# Data Analysis Project: Social Media Usage and Emotional Well-Being

This notebook presents a comprehensive analysis of three datasets (`train.csv`, `val.csv`, and `test.csv`) capturing information on social media usage and users' dominant emotional states. The dataset, meticulously researched and prepared by AI Inventor Emirhan BULUT, explores the relationship between social media usage patterns and emotional well-being.

## Dataset Features

- **User_ID**: Unique identifier for the user.
- **Age**: Age of the user.
- **Gender**: Gender of the user (Female, Male, Non-binary).
- **Platform**: Social media platform used (e.g., Instagram, Twitter, Facebook, LinkedIn, Snapchat, WhatsApp, Telegram).
- **Daily_Usage_Time (minutes)**: Daily time spent on the platform in minutes.
- **Posts_Per_Day**: Number of posts made per day.
- **Likes_Received_Per_Day**: Number of likes received per day.
- **Comments_Received_Per_Day**: Number of comments received per day.
- **Messages_Sent_Per_Day**: Number of messages sent per day.
- **Dominant_Emotion**: User's dominant emotional state during the day (e.g., Happiness, Sadness, Anger, Anxiety, Boredom, Neutral).

## Files

- **train.csv**: Data for training models.
- **test.csv**: Data for testing models.
- **val.csv**: Data for validation purposes.

## Usage

This dataset can be used for various analyses, including but not limited to:

- Predicting users' emotional well-being based on their social media usage.
- Clustering users based on usage patterns.
- Examining the impact of different platforms on users' emotions.


## Dataset Citation

This dataset was meticulously researched and prepared by AI Inventor Emirhan BULUT. If you use this dataset in your work, please cite or reference it as follows:

BULUT, E. "Social Media Usage and Emotional Well-Being Dataset." (https://www.kaggle.com/datasets/emirhanai/social-media-usage-and-emotional-well-being).
 


## Loading the Data

First, we need to load the datasets into pandas DataFrames. This will allow us to manipulate and analyze the data effectively.


In [None]:
import pandas as pd

# Function to load CSV and handle errors
def load_csv_with_error_handling(filepath):
    try:
        return pd.read_csv(filepath)
    except pd.errors.ParserError:
        print(f"Error reading {filepath}. Trying with on_bad_lines='skip'.")
        return pd.read_csv(filepath, on_bad_lines='skip')

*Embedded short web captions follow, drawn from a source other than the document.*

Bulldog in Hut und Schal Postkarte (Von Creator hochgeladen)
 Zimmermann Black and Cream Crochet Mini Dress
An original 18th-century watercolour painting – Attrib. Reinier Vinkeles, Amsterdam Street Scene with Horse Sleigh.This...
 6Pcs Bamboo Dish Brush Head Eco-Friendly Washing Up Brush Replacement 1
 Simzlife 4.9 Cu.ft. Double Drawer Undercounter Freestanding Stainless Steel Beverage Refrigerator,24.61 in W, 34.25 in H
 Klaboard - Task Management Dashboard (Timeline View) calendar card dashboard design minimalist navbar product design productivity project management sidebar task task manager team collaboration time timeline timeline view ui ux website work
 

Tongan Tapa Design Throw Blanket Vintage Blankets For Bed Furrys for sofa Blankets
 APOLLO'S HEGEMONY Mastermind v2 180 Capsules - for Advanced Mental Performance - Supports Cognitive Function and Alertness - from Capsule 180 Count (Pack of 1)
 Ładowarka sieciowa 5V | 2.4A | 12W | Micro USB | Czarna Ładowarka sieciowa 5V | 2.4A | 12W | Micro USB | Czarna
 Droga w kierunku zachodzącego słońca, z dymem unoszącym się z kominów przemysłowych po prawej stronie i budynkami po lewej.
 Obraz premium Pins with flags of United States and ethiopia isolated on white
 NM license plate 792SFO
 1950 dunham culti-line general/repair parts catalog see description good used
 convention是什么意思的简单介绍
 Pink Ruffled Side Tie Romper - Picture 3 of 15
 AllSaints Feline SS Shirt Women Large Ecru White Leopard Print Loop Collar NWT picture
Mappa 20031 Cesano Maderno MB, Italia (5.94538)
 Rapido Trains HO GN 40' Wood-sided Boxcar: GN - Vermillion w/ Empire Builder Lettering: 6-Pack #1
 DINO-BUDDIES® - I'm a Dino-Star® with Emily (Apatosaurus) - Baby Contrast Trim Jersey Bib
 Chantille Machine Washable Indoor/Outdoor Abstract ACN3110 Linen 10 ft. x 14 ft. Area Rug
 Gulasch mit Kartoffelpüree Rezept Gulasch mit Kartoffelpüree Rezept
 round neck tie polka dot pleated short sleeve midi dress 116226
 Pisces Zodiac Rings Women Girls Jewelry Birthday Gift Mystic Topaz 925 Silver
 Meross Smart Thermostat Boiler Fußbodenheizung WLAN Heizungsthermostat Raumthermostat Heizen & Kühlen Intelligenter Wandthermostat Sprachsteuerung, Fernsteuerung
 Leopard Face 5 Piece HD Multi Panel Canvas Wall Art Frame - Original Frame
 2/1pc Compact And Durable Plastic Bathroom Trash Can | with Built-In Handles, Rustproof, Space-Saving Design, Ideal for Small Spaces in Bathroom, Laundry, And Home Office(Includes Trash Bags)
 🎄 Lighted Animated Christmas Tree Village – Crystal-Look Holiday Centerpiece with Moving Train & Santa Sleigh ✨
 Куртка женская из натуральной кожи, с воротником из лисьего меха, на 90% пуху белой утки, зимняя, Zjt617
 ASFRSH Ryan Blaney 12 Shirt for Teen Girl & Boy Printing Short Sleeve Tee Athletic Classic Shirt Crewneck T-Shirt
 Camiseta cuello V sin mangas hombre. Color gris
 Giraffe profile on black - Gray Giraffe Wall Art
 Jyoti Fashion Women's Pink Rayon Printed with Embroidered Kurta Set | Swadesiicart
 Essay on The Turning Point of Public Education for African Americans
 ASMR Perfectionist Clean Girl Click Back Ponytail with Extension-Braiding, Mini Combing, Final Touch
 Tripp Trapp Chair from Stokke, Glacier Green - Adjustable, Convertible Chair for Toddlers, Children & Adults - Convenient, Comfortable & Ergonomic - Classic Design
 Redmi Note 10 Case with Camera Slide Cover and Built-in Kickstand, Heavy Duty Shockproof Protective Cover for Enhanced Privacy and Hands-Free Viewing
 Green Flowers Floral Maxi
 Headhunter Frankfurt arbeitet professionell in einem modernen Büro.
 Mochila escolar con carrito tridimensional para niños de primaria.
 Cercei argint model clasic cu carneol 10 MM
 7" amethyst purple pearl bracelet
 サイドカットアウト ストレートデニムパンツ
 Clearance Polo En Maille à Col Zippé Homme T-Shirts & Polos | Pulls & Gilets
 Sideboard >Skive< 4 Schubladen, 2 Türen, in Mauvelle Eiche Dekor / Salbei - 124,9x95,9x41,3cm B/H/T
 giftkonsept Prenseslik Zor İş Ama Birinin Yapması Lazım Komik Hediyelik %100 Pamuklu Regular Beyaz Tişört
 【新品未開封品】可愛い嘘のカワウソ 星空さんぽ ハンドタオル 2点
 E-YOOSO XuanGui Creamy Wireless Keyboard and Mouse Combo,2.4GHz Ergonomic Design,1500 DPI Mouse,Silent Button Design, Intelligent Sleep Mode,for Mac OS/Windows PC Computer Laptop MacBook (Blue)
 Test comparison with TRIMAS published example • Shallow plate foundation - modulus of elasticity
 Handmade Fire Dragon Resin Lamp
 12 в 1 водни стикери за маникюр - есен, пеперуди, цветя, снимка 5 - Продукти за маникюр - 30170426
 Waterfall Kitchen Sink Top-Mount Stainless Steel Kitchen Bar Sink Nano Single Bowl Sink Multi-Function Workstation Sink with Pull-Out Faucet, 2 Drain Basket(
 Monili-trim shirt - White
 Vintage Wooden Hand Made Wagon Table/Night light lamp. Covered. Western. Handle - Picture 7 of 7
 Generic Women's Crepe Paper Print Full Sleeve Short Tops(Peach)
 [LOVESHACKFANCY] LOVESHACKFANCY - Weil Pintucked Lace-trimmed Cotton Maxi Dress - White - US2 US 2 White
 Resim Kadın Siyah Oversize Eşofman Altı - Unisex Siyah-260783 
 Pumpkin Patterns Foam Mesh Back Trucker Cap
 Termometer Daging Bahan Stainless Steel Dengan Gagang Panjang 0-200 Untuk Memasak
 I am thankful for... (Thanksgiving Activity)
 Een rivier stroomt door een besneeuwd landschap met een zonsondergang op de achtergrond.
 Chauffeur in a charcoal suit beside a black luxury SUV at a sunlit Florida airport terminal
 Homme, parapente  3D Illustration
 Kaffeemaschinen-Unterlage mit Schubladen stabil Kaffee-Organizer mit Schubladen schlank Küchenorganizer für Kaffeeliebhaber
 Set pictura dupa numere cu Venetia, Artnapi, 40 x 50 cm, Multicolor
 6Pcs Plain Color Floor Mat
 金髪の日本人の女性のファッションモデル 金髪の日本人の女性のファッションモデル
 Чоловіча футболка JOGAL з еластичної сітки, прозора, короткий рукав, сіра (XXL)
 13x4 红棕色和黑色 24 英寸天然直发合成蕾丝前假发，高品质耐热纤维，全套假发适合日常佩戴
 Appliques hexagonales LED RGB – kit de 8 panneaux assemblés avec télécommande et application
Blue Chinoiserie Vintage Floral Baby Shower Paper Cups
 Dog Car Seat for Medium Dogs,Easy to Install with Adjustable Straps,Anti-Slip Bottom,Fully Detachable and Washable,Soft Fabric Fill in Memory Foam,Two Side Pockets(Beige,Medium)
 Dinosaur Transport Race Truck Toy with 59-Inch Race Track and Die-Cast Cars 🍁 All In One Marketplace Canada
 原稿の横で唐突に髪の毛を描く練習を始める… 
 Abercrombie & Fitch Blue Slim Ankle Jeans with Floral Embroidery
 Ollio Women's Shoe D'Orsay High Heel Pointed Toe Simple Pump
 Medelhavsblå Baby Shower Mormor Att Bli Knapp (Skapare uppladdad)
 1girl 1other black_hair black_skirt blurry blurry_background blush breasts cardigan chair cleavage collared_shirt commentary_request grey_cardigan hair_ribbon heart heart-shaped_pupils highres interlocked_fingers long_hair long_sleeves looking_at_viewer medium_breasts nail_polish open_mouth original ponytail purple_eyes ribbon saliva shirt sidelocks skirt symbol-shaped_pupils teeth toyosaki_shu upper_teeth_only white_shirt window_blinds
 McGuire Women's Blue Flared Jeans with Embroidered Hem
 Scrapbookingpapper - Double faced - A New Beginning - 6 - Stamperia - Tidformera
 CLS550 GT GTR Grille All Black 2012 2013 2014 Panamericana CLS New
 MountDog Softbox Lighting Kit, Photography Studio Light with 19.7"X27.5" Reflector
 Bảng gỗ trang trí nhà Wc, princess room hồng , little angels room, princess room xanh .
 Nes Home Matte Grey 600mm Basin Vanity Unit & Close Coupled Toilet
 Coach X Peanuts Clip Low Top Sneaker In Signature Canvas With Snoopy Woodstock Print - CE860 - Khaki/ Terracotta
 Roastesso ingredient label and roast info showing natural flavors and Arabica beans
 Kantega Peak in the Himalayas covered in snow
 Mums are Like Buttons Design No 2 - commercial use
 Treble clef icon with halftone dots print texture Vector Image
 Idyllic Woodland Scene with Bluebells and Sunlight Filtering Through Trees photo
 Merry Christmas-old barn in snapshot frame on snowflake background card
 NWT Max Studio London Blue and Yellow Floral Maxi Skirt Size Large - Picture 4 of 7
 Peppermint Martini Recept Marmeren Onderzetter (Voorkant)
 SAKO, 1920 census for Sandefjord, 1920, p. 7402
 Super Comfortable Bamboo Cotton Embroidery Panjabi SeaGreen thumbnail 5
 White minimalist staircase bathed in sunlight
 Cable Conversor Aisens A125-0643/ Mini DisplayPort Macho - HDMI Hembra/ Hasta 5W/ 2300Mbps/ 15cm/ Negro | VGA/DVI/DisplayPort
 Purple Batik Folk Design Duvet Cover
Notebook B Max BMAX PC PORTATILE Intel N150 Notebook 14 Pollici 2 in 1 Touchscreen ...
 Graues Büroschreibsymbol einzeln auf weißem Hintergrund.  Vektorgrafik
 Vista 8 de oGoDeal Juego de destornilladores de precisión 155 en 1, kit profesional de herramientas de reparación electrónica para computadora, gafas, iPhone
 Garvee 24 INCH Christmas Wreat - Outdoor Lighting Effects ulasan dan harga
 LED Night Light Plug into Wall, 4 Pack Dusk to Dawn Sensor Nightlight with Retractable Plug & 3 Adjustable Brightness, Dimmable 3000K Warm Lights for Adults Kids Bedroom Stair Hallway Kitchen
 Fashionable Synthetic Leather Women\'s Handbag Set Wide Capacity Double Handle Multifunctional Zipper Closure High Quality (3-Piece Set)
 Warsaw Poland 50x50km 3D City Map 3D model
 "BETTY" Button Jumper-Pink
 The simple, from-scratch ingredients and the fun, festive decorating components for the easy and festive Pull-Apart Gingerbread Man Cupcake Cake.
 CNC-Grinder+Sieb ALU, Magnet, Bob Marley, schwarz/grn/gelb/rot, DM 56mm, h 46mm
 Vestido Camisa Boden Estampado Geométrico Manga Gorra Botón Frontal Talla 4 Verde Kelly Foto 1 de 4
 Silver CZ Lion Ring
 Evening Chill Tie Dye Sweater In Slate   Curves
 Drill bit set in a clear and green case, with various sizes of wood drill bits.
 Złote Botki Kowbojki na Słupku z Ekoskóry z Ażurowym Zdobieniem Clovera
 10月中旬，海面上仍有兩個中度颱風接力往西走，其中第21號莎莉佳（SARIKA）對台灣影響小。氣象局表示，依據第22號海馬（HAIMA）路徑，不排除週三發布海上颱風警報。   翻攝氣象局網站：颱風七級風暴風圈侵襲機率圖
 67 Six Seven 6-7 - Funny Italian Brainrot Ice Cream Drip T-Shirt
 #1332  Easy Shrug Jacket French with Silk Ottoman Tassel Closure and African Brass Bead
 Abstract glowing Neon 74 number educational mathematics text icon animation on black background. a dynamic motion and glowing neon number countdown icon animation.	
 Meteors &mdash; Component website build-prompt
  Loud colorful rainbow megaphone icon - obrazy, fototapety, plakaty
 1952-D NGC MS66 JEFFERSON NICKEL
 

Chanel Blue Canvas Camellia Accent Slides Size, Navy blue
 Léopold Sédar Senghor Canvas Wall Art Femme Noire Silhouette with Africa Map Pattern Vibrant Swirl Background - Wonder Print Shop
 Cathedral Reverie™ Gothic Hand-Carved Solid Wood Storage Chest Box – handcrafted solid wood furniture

# Load the datasets with error handling
train_df = load_csv_with_error_handling('train.csv')
val_df = load_csv_with_error_handling('val.csv')
test_df = load_csv_with_error_handling('test.csv')

# Define the function to remove outliers
def remove_outliers(df):
    return df[~df['Platform'].isin(['55', 'SS'])]

# Apply the function to each dataframe
train_df = remove_outliers(train_df)
val_df = remove_outliers(val_df)
test_df = remove_outliers(test_df)

# Display the first few rows of each dataset
display(train_df.head())
display(val_df.head())
display(test_df.head())


## Data Overview

We will now take a look at the basic structure and summary statistics of the datasets. This includes checking the data types, non-null counts, and basic descriptive statistics.


In [None]:
# Display column names
print("Train Dataset Columns:")
print(train_df.columns)
print("Validation Dataset Columns:")
print(val_df.columns)
print("Test Dataset Columns:")
print(test_df.columns)

# Basic information about the datasets
print("Train Dataset Info:")
train_df.info()
print("\nValidation Dataset Info:")
val_df.info()
print("\nTest Dataset Info:")
test_df.info()

# Display basic statistics
print("Train Dataset Statistics:")
display(train_df.describe())
print("Validation Dataset Statistics:")
display(val_df.describe())
print("Test Dataset Statistics:")
display(test_df.describe())


## Data Cleaning

Next, we will check for and handle any missing values in the datasets. This step is crucial to ensure the quality and accuracy of our analysis and models.


In [None]:
# Identify numeric columns and convert to numeric, coercing errors to NaN
numeric_cols = ['Age', 'Daily_Usage_Time (minutes)', 'Posts_Per_Day', 'Likes_Received_Per_Day', 'Comments_Received_Per_Day', 'Messages_Sent_Per_Day']

for col in numeric_cols:
    if col in train_df.columns:
        train_df[col] = pd.to_numeric(train_df[col], errors='coerce')
    if col in val_df.columns:
        val_df[col] = pd.to_numeric(val_df[col], errors='coerce')
    if col in test_df.columns:
        test_df[col] = pd.to_numeric(test_df[col], errors='coerce')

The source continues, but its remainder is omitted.